*** Opening Supplied material ***

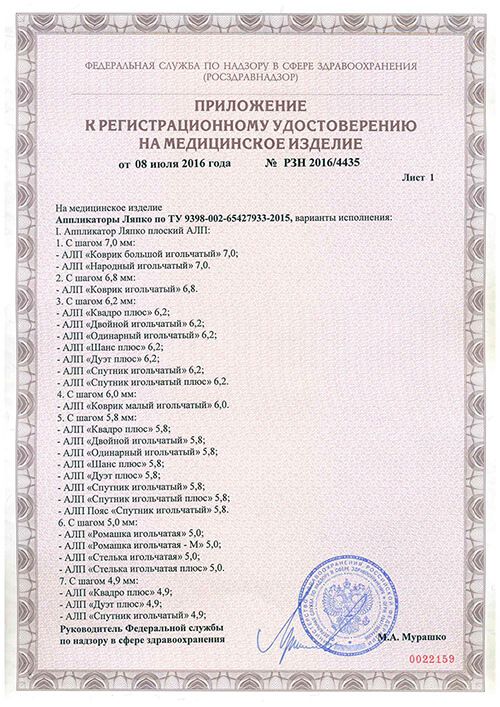 Ляпко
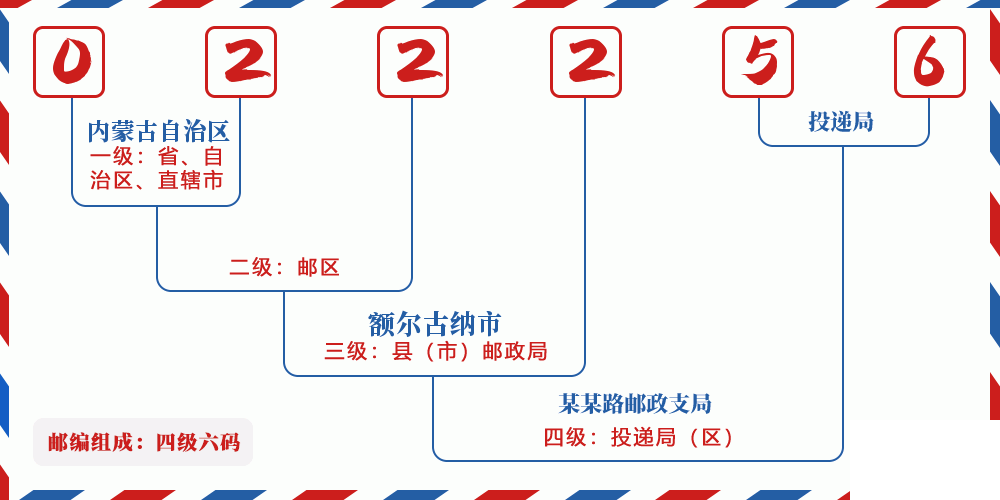 邮编022256含义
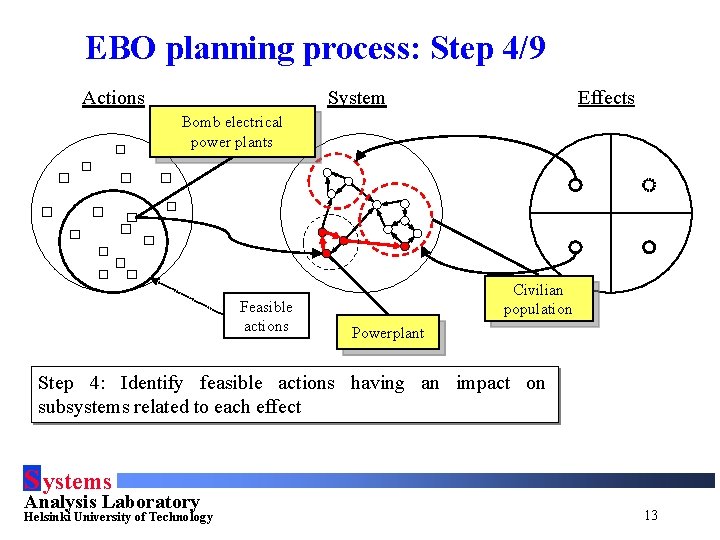 EBO planning process: Step 4/9 Actions Effects System Bomb electrical power plants Feasible actions
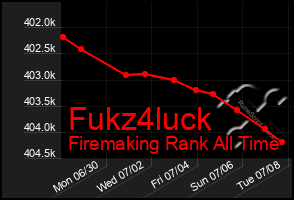 Total Graph of Fukz4luck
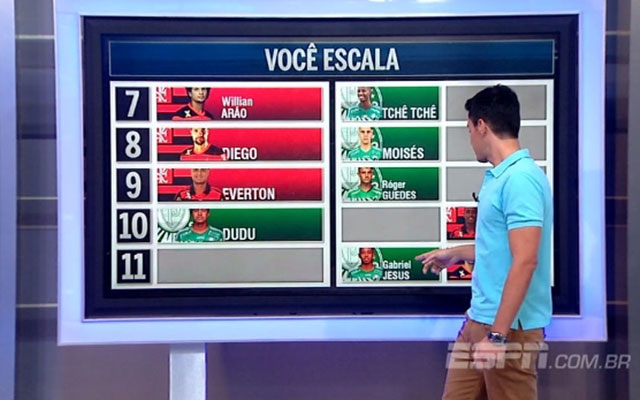 Veja quem o Bate Bola Debate elegeu na seleção unificada de Palmeiras e Flamengo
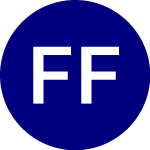 Logo de Fidelity Fundamental Dev... (FFDI).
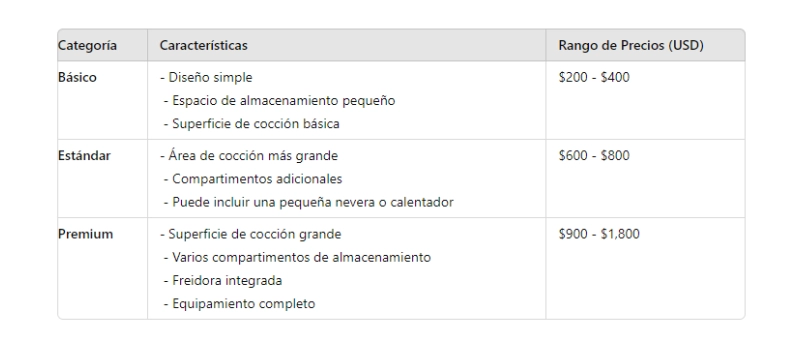 Tabla de precios de carritos de hot dogs en centroamérica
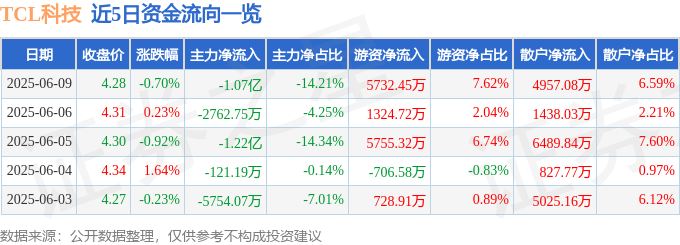 TCL科技（000100）6月9日主力资金净卖出1.07亿元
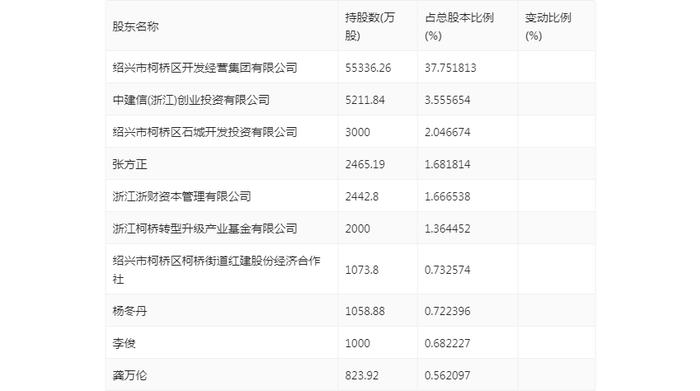 轻纺城：2024年上半年净利润1.78亿元 同比下降12.50%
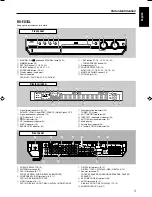 Preview for 7 page of JVC RX-ES1SL Instructions Manual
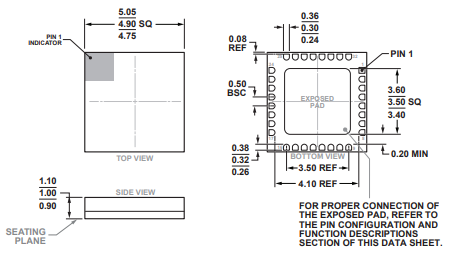 32-Terminal Ceramic Leadless Chip Carrier [LCC] (E-32-1) Dimensions shown in millimeters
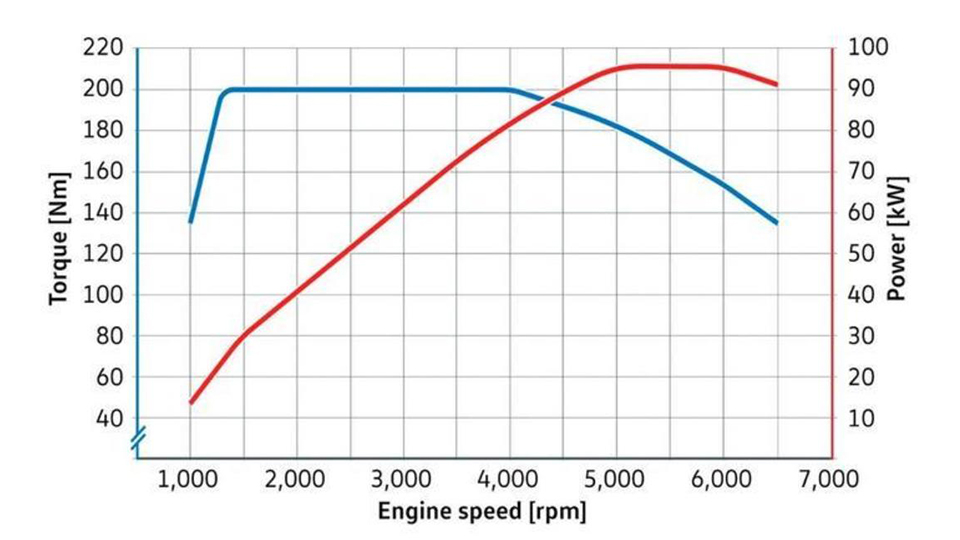 大众1.5tevo发动机是不是噱头,解析大众1.5tevo发动机参数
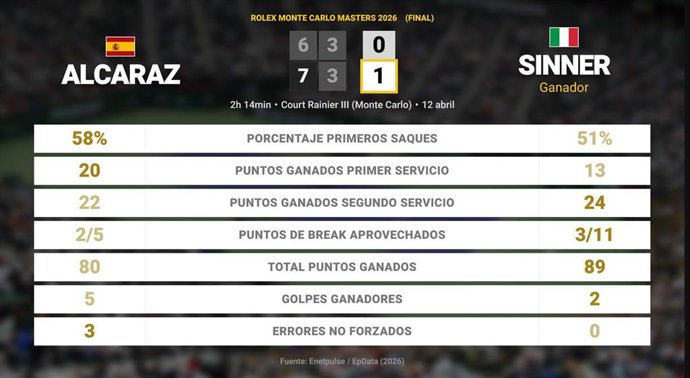 Deportes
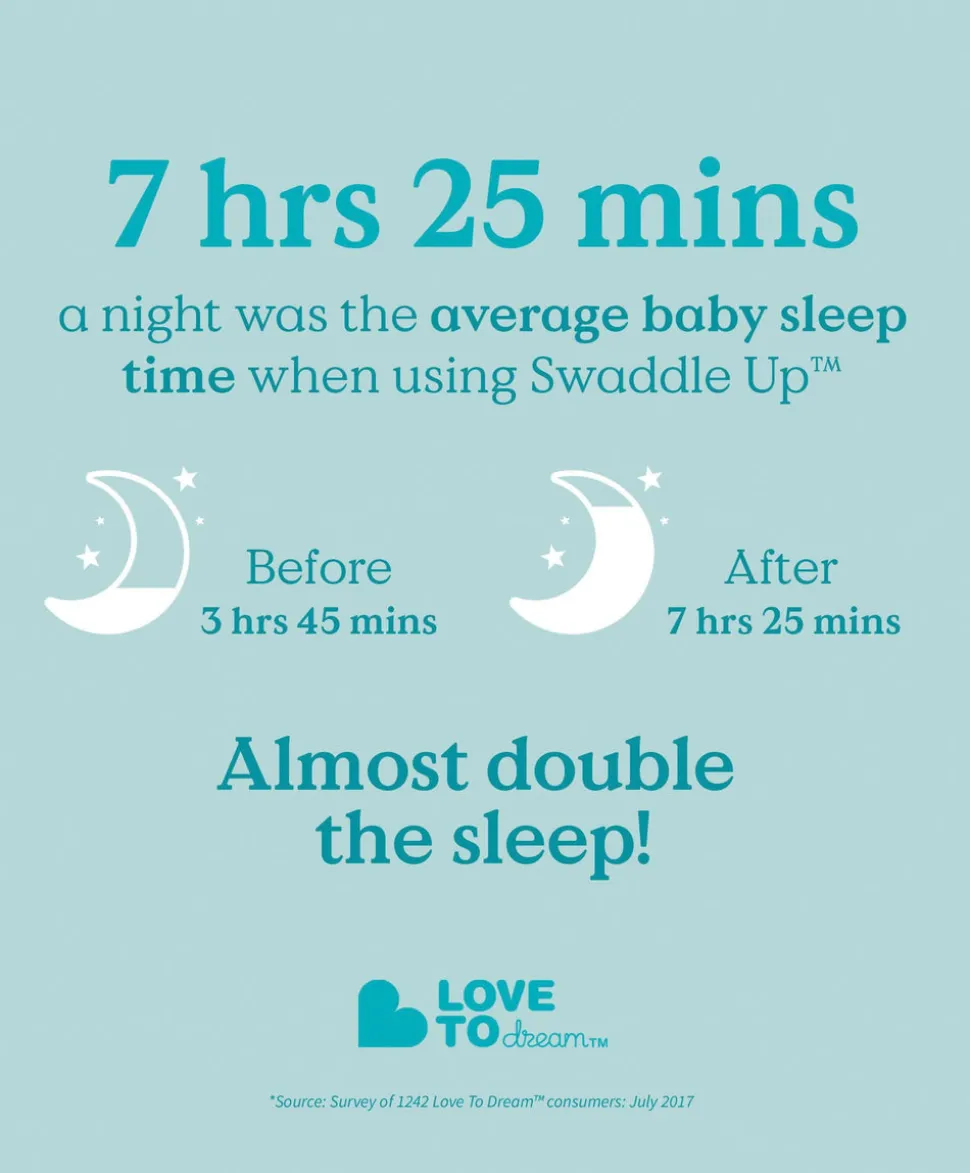 Love To Swaddle Up™ Small/8 - 13lbs (1.0 Tog) - Cloud Bunny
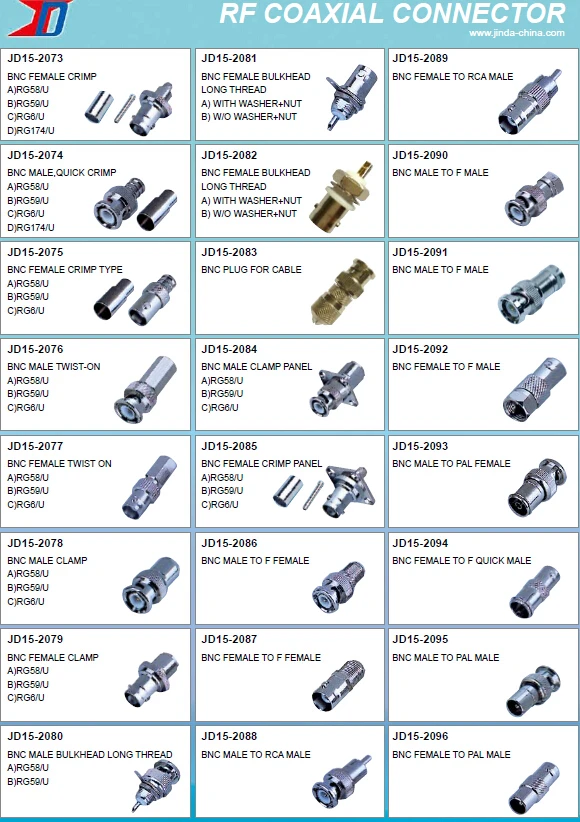 Waterproof Rf Panel Mount Fconnector Cheapest Copper Rg6 Rg59 F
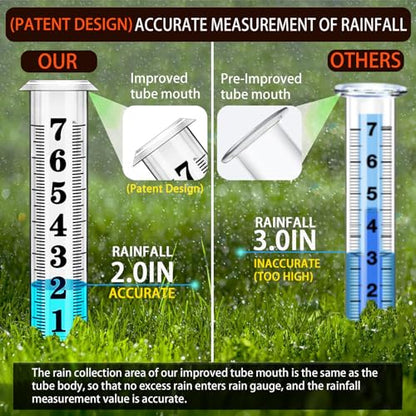 Rain Gauge Outdoor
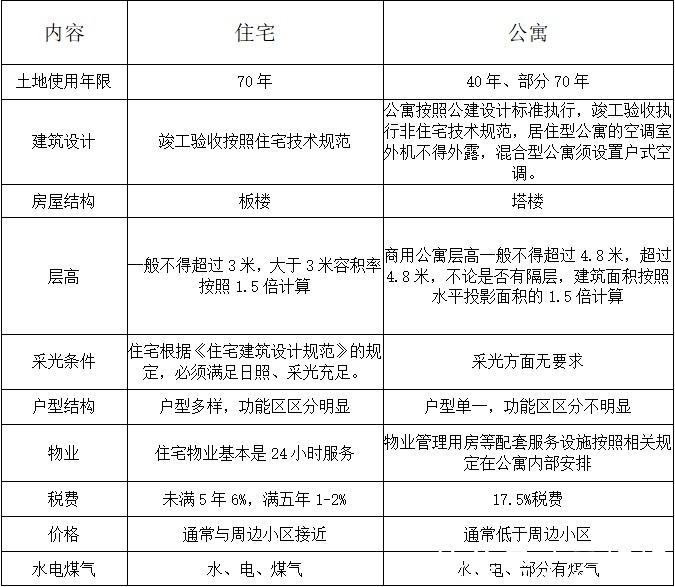 网友问：“住宅和公寓买哪个？”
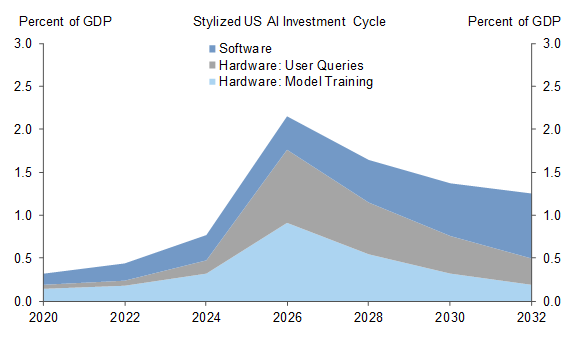 1. We Expected an AI Investment Cycle Where Hardware Investment Initially Rises to 2% of GDP Before Fading as Compute Costs Fall. Data available on request.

*** Closing Supplied material ***

- Exercise objective
Starting at the line that holds "Waterproof Rf Panel", print each line through the last one of the entries above, exactly and with both ends included; no pictures.

- Problem solution
 Waterproof Rf Panel Mount Fconnector Cheapest Copper Rg6 Rg59 F
 Rain Gauge Outdoor
 网友问：“住宅和公寓买哪个？”
 1. We Expected an AI Investment Cycle Where Hardware Investment Initially Rises to 2% of GDP Before Fading as Compute Costs Fall. Data available on request.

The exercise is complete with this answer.